> _Activity_: Begin at the line containing "a flawless finish." in the entries below and end at the line containing "from top brands."; transcribe that range exactly and nothing outside it.

(Scraped caption text data)
○ ○ ○ ○
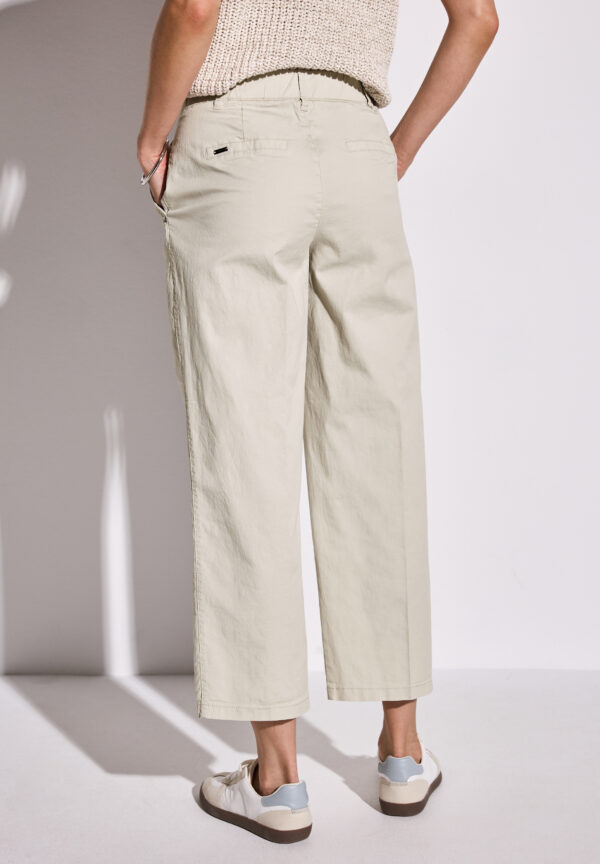 Street One Hose Straight Leg Chino – Bild 3
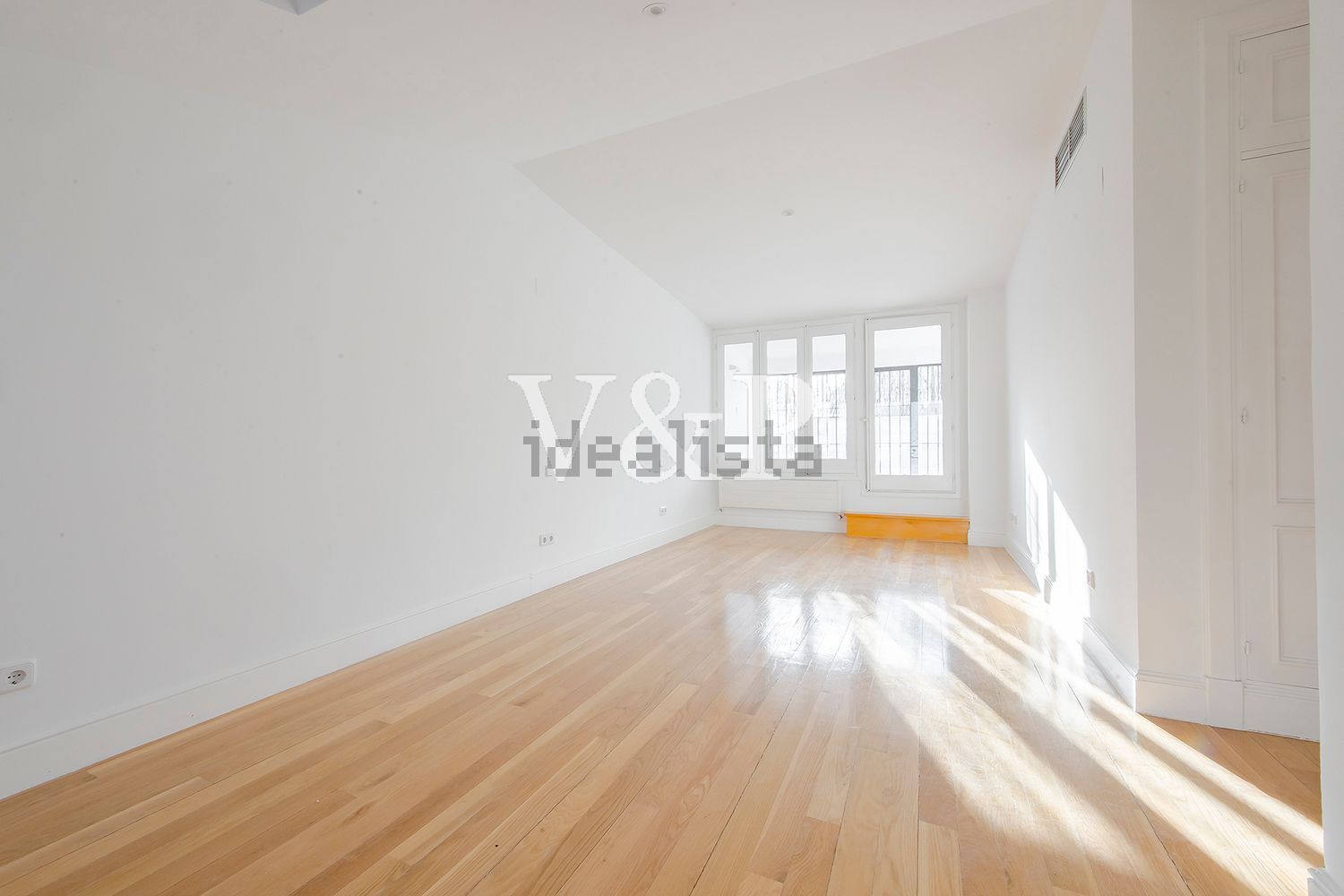 Pis de 244 m² a Madrid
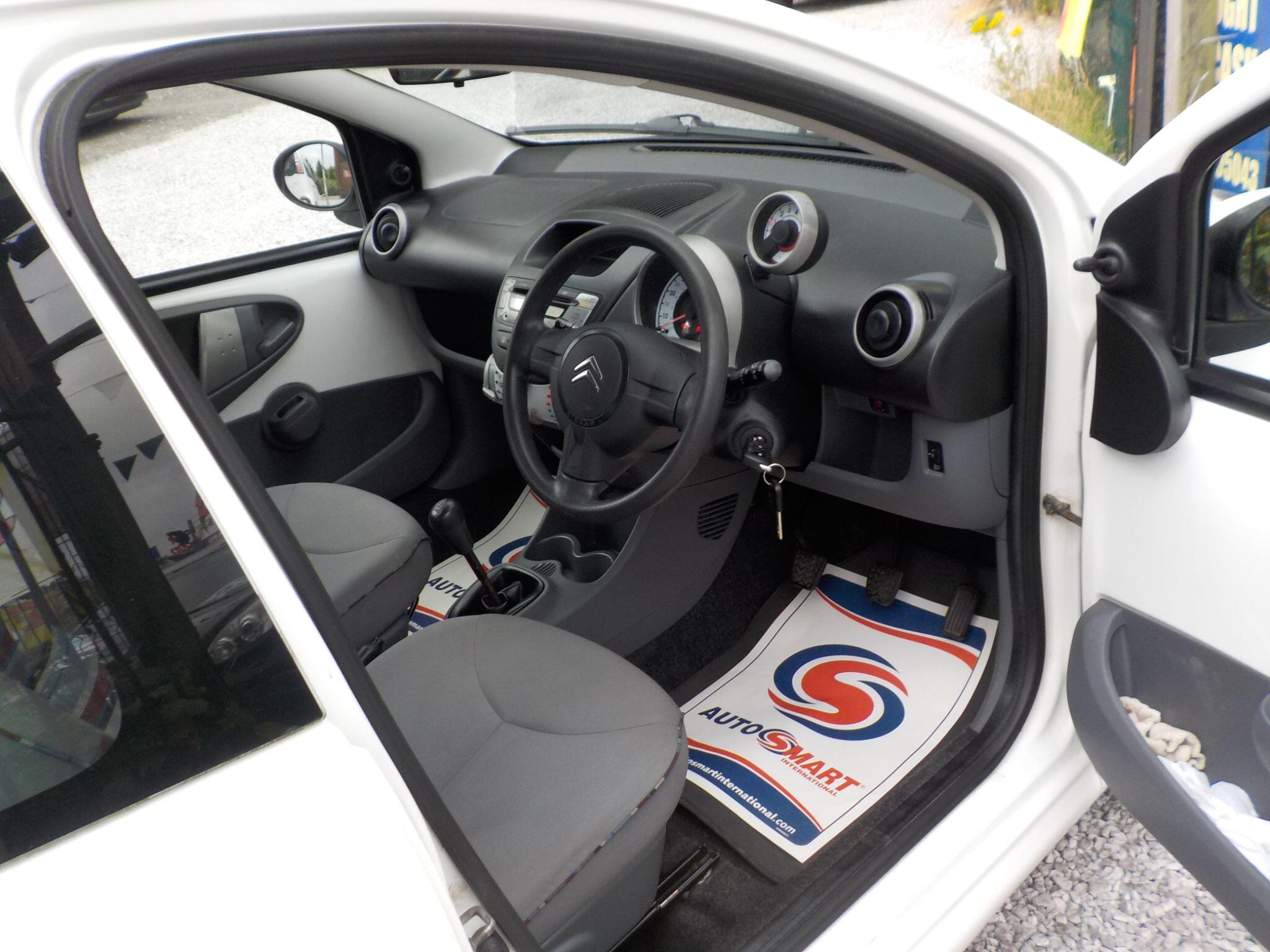 Citroen C1 1.0i VTR+ Euro 5 5dr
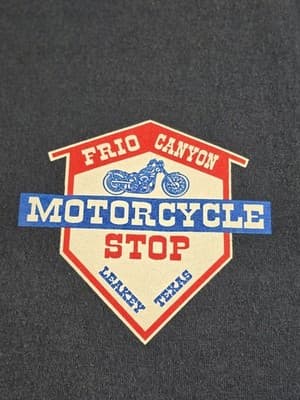 Frio Canyon Stop Size XL Three Twisted Sisters Shirt - Thumbnail 2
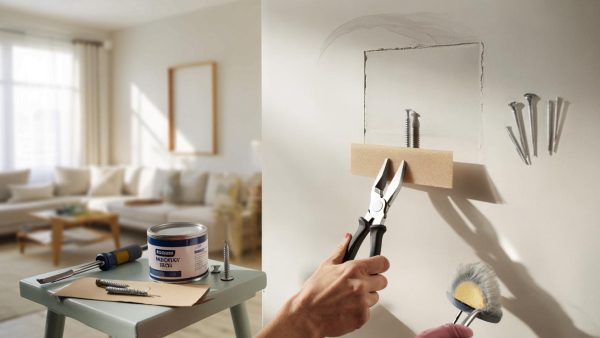 The Shocking Trick to Remove Wall Plugs Without Wrecking Your Walls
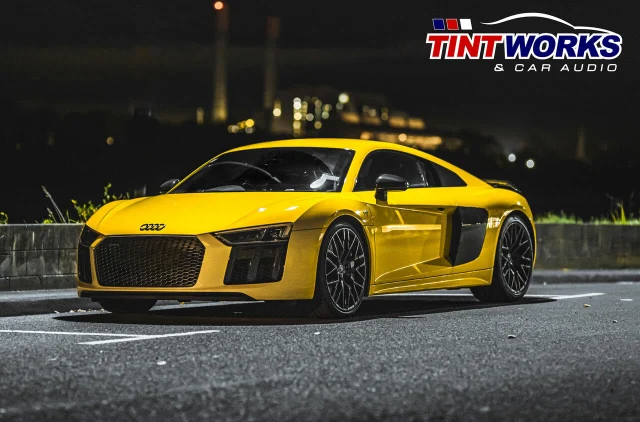 🙏 We appreciate your support! If you love what we do, share this post & tag a friend who needs a tint or audio upgrade! Your referrals mean the world to us.  🚗 Powell’s #1 Window Tint & Car Audio – Quality You Can Trust! 🔊🕶️  When it comes to window tint and car audio, don’t settle for less! At Tint Works & Car Audio in Powell, OH, we’re known for delivering the best quality and service in Central Ohio.  🔥 Why Choose Us? 🔥
✅ Luxury-Grade Window Tint – Autobahn Films for max heat rejection, UV protection & a flawless finish.
✅ Premium Car Audio – Crystal-clear sound, deep bass & expert installs from top brands.
✅ Top-Tier Craftsmanship – Precision work with industry-leading warranties.  💥  Powell, OH – Your Only Stop for Tint & Sound! 💥  📞 Call 614-649-5878 or DM to book!  #TintWorksPowell #SupportLocal #BestTintInOhio #CarAudioExperts #AutobahnFilms #ShareTheBest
○ ○ ○ ○
> _Solution to the exercise_:
✅ Luxury-Grade Window Tint – Autobahn Films for max heat rejection, UV protection & a flawless finish.
✅ Premium Car Audio – Crystal-clear sound, deep bass & expert installs from top brands.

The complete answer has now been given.